Masked autoencoding for images
Take a photograph · shred 75% of it · ask someone to reconstruct the missing pieces.
To do this they can't just look at local pixels · they must understand what a face looks like, what a tree branch is shaped like.
MAE forces the encoder to learn this deep visual world model by predicting the missing 75% from the visible 25%. It's BERT-for-pixels · masked-then-reconstruct as a self-supervision recipe.
Analogy · the expert and the intern.
Why this is brilliant. The encoder — the expensive part — runs on only 25% of the input → ~4× faster pretraining than processing the full image. The decoder is small and only handles reconstruction.
He et al. 2021 · ViT-Huge MAE pretraining → SOTA on many downstream vision tasks.
| Scenario | Use SSL? |
|---|---|
| Plenty of labeled data, single task | No · just supervised |
| Large unlabeled pool, small labeled | Yes · SSL pretrain + fine-tune |
| Need generic features for many tasks | Yes · start from DINOv2 |
| Need fast deployment on consumer GPU | Probably not · use CLIP/DINOv2 frozen |
| Novel domain (medical, satellite) | Yes · in-domain SSL then fine-tune |
Rule of thumb (2026) · if labels cost more than compute, use SSL. In most real-world contexts, labels ARE the bottleneck. SSL tilts the equation.
GPT is self-supervised · next-token prediction on a trillion-token corpus. BERT is self-supervised · masked-LM.
All LLMs are self-supervised models, pretrained without a single human label (before RLHF tuning). The text modality has had SSL baked in since word2vec (2013). Vision caught up only around 2020 (SimCLR, MAE).
Contrast · NLP went straight to SSL because text is abundant and labels are expensive. Vision started supervised because ImageNet was cheap at 1M labels. The convergence · both modalities now use SSL as the foundation.

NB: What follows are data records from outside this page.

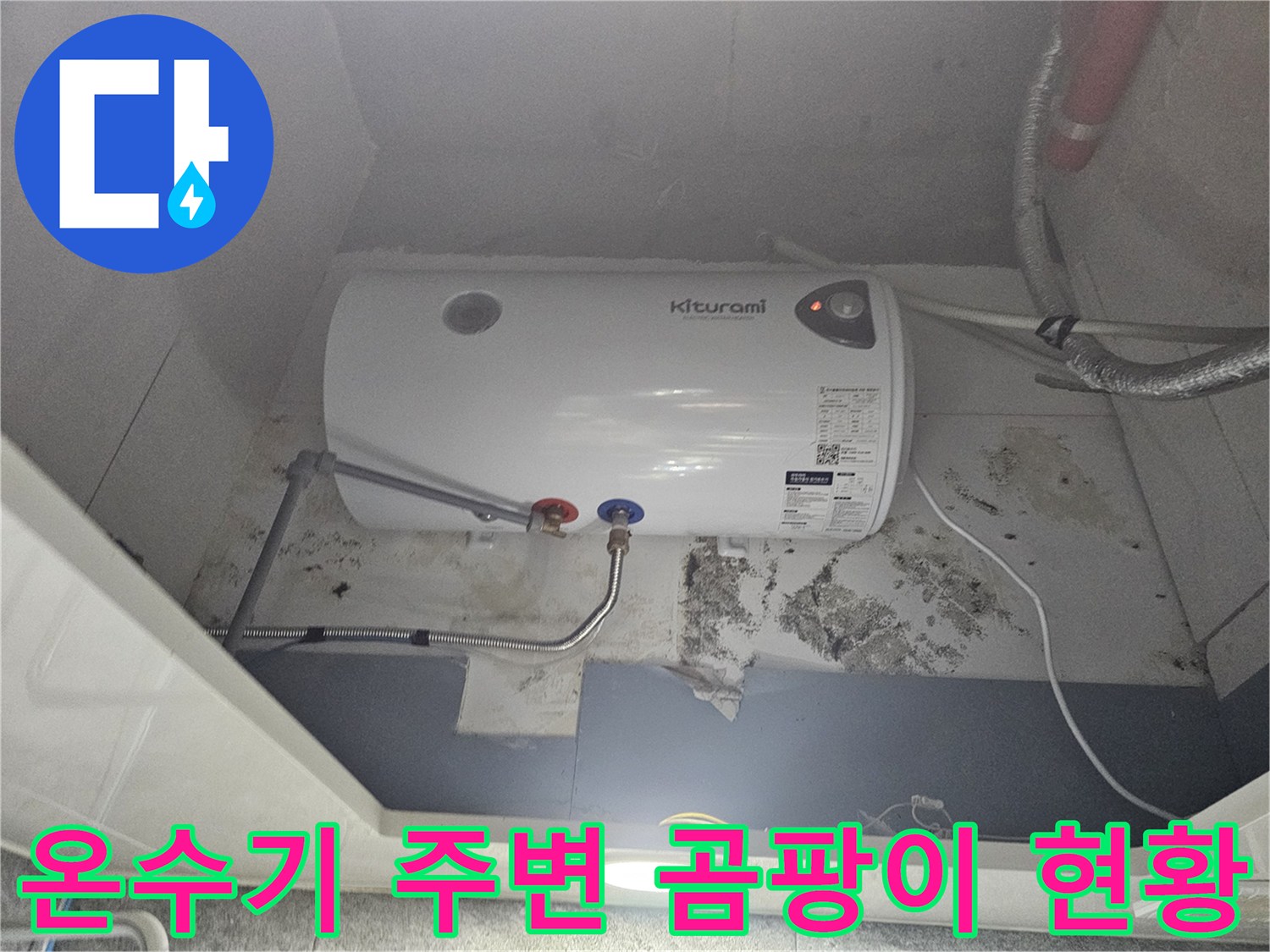 전기-온수기-하부-벽면의-습기-및-곰팡이-발생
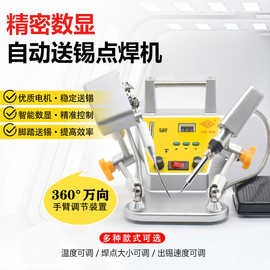 数显焊锡机内热式550℃厂家直销 线路板焊接数显送锡焊锡机90W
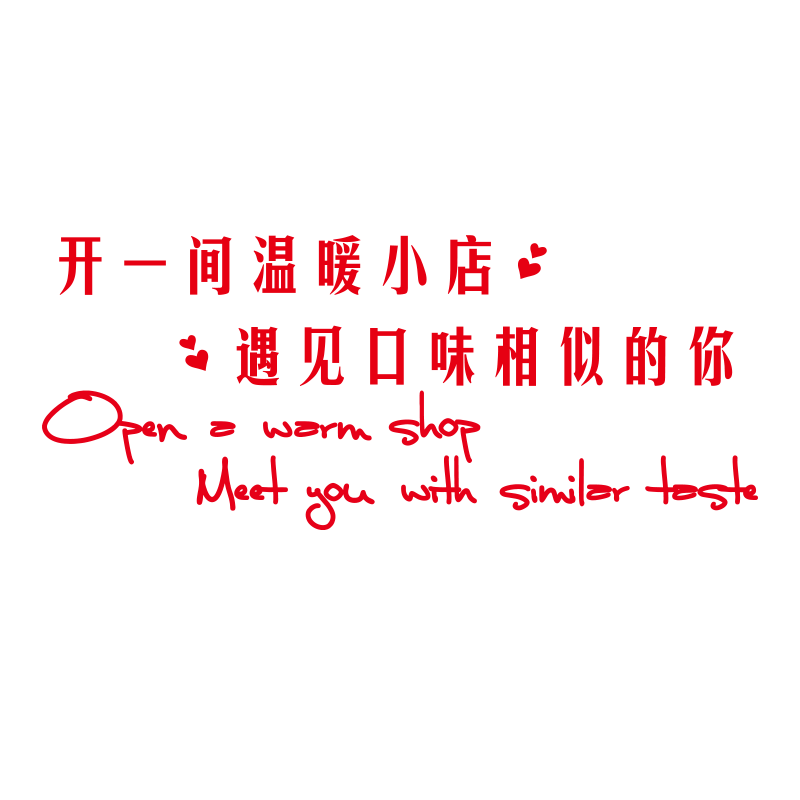 饭店亚克力装饰墙贴3D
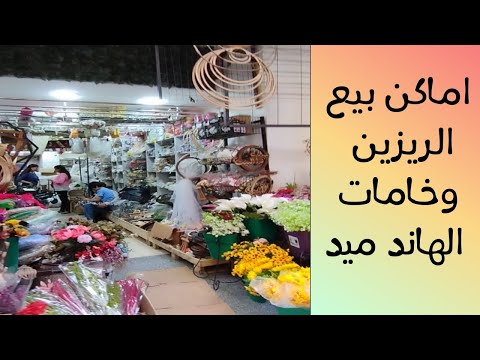 أماكن بيع خامات الريزين واكسسوارات الهاند ميد
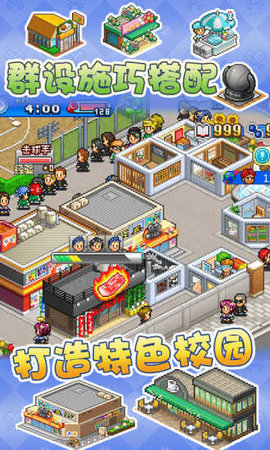 挽救棒球部安卓汉化版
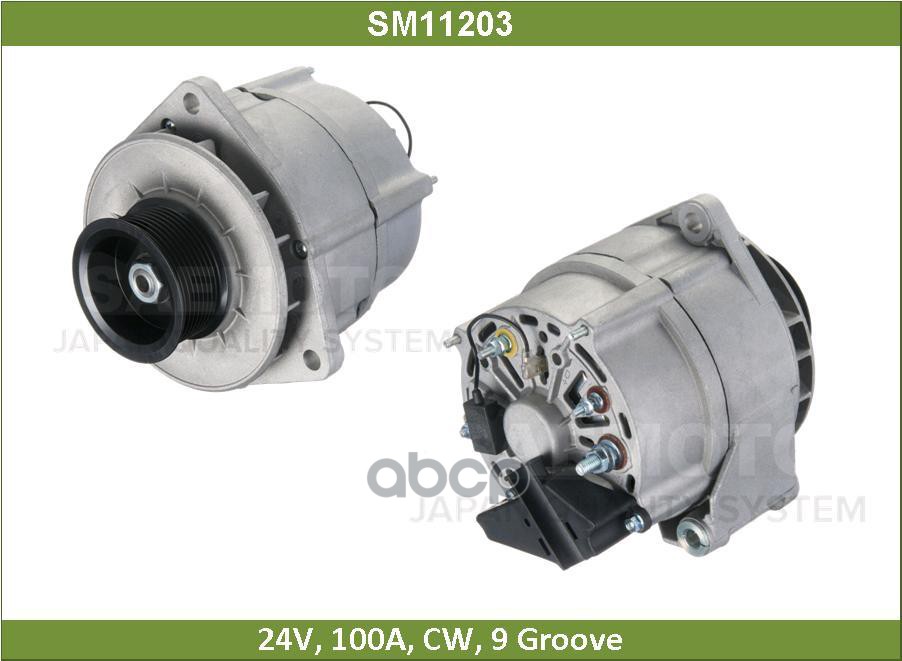 Генератор Saemoto арт. SM11203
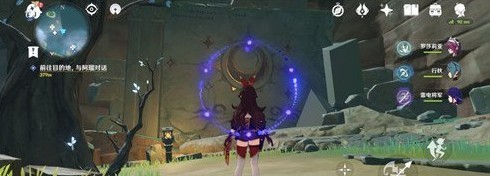 原神知比山火炬解密怎么过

DINO (Caron et al. 2021) combined MAE-style patches with BYOL-style self-distillation for ViTs. Emergent properties:
DINOv2 (Oquab et al. 2023) scaled this up to ViT-g (1B params) on 142M curated images.

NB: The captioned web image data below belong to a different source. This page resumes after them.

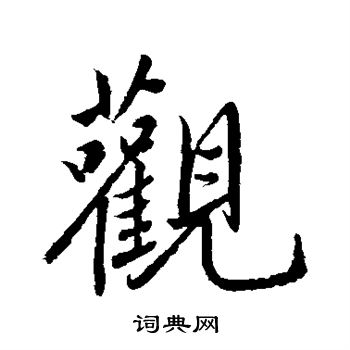 明人写的观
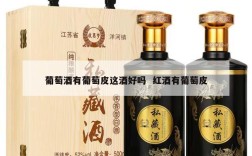 葡萄酒有葡萄皮这酒好吗  红酒有葡萄皮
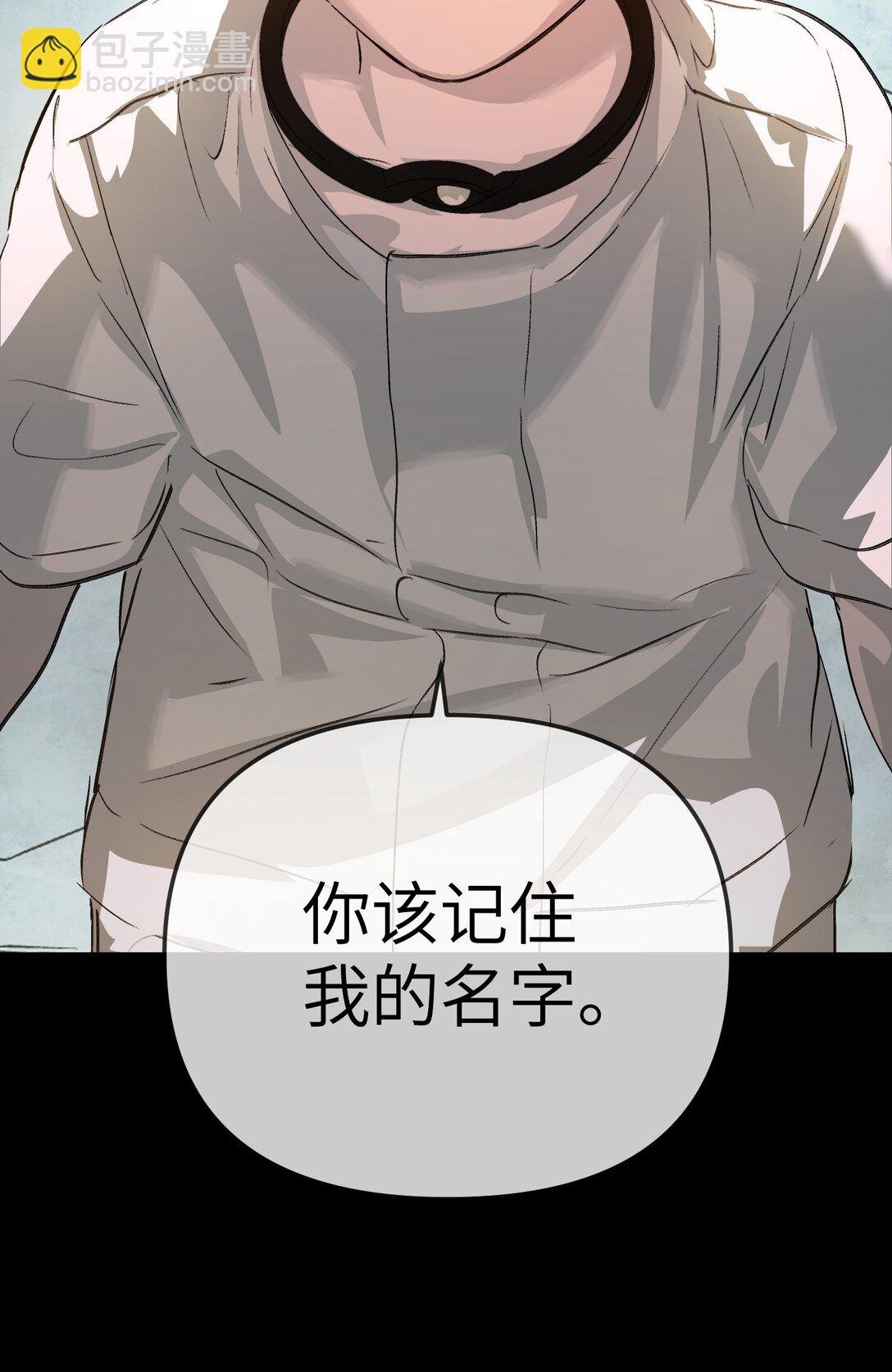 32 优势？劣势？（下）
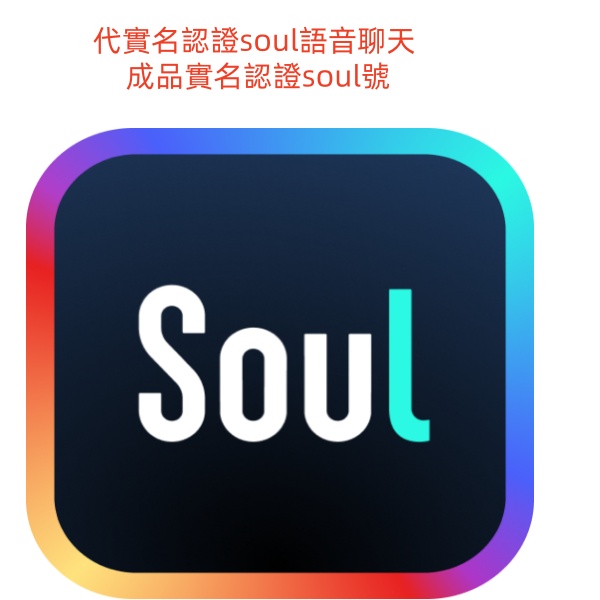 實名認證soul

DINOv2 features are the de facto general-purpose vision representation in 2026 — ship it for any vision task where you can't afford full fine-tuning.
| Modality | Dominant SSL approach |
|---|---|
| Text | Next-token prediction (every LLM) |
| Vision | MAE + DINO-style distillation |
| Speech | Wav2Vec 2.0 / HuBERT (masked frame prediction) |
| Video | MAE extended to spacetime patches |
| Multimodal | CLIP-style contrastive image-text (next lecture) |
Self-supervision created the foundation model era. Every modality now has its own canonical SSL recipe. Supervised learning survives only at the end of the pipeline — fine-tuning on small labeled data.